Aber das ist natürlich nicht das, was die UZ-Leser interessiert. Und obwohl es die Sache war, die mir die meisten Kopfschmerzen und schlaflose Nächte bescherte, hat sie auch kaum die Mitglieder interessiert: Diskussion darüber gab es nicht.

UZ: Was habt ihr dann diskutiert?

Hermann Kopp: Na ja, vor allem die Frage, die sich aus dem Hauptteil meines Berichts ergab: Wie können wir junge Leute für unsere Veranstaltungen interessieren? Und wie können wir neue Mitglieder gewinnen?

Um das gleich dazu zu sagen: Ginge es darum, uns selbst auf die Schulter zu klopfen, wäre das kein Problem: Seit 2010 hat sich die Mitgliederzahl der Stiftung verdreifacht, von 58 auf genau 180 am Tag der MV – dabei sind notorische Nichtzahler, die wir erstmals seit Jahren angeschrieben hatten, schon abgezogen. Auch 2017 hatte die Stiftung absoluten Zuwachs. Auch dieses Jahr haben wir schon wieder drei Neue. Und verdreifacht hat sich auch die Zahl unserer Veranstaltungen.

UZ: Macht ihr gezielte Anstrengungen, um an junge Leute ranzukommen?

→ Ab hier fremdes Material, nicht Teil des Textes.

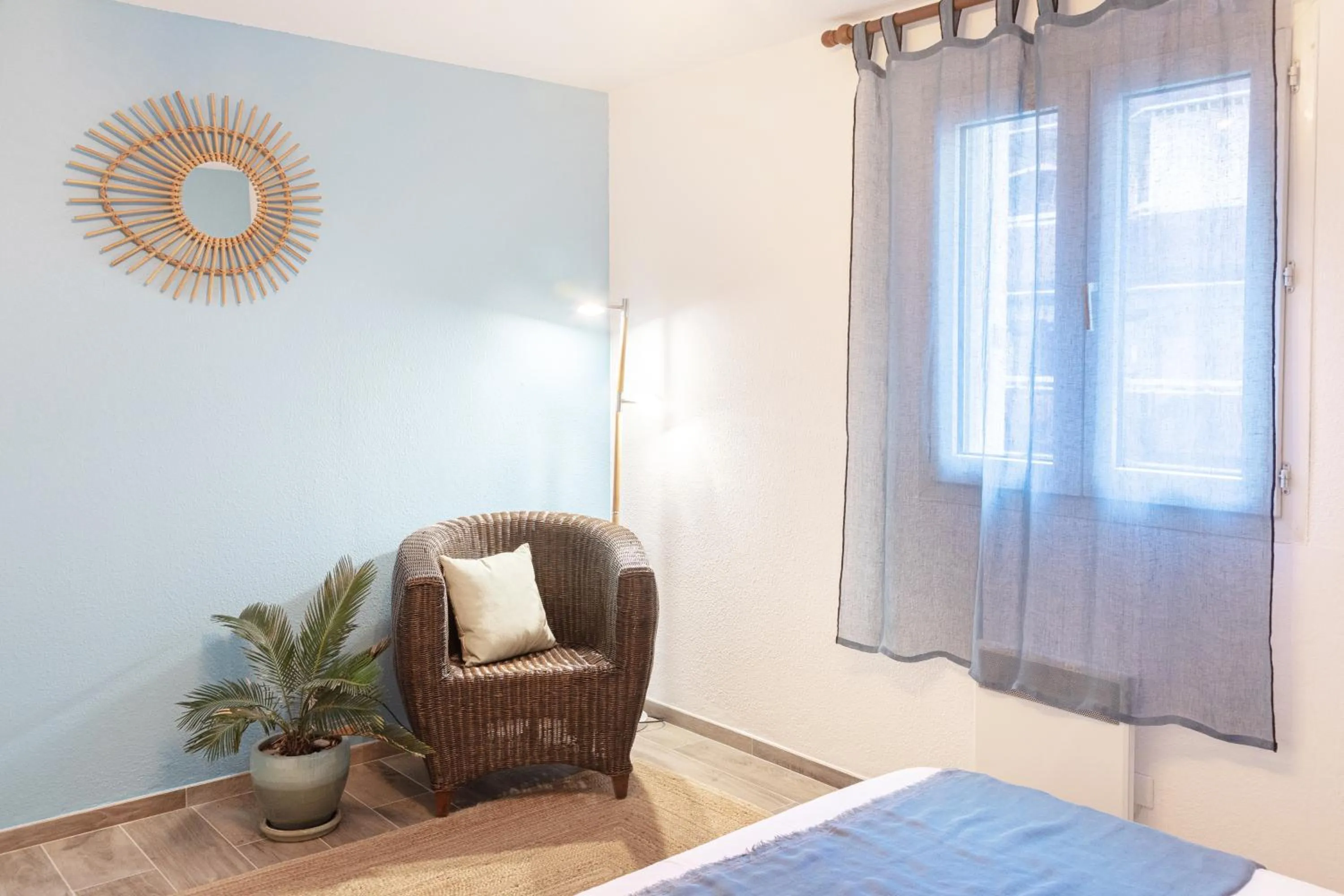 Photo of the whole room, Bed in Cosy apartment Promenade des Anglais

Hermann Kopp: Sagen wir so: offenkundig nicht genug. Ich habe mich als Vorsitzender immer wieder darum bemüht, junge Genossen für den Vorstand zu gewinnen. Hab sie auch gewonnen. Die kamen ein, zwei Mal – und blieben dann weg. Sogar ohne Entschuldigung. Darüber kann man sich höllisch ärgern. Hilft aber nix.

UZ: Was also dann?

Hermann Kopp: Ich weiß es nicht. Oder doch: Wir müssen zu den Jungen gehen, denn die kommen nicht zu uns. „Der rote Großvater erzählt“ – heute zum Beispiel von 1968: das stößt auf Interesse. Aber nur dann, wenn der Großvater zu den Jungen geht, und die nicht aufgefordert sind, am Großväter-Stammtisch Platz zu nehmen und zuzuhören.

UZ: Und was nun?

Hermann Kopp: Eine gute Frage. Eins unserer neuen Mitglieder wollte bei der MV wissen, welche „Rationale“ unserer Arbeit zugrunde liegt, welches generelle Ziel wir mit ihr verfolgen. Und da muss ich ehrlich sagen: Darauf habe ich keine Antwort. Ich bemühe mich um Tagungen, die Fragen beantworten, die sich mir stellen; ich versuche, andere MES-Mitglieder dafür zu gewinnen, dass sie das selbe für sich tun. Und ich bin guten Muts, dass dabei was rauskommt, was auch andere interessieren könnte.

UZ: Ein Schlusswort?

Hermann Kopp: Gerne. Die Marx-Engels-Stiftung war eine Gründung der DKP; es hat Jahre gedauert, bis sie ihre Gemeinnützigkeit gegen den massiven Widerstand des damaligen, ach so liberalen NRW-Innenminister Burkart Hirsch gerichtlich durchsetzen konnte.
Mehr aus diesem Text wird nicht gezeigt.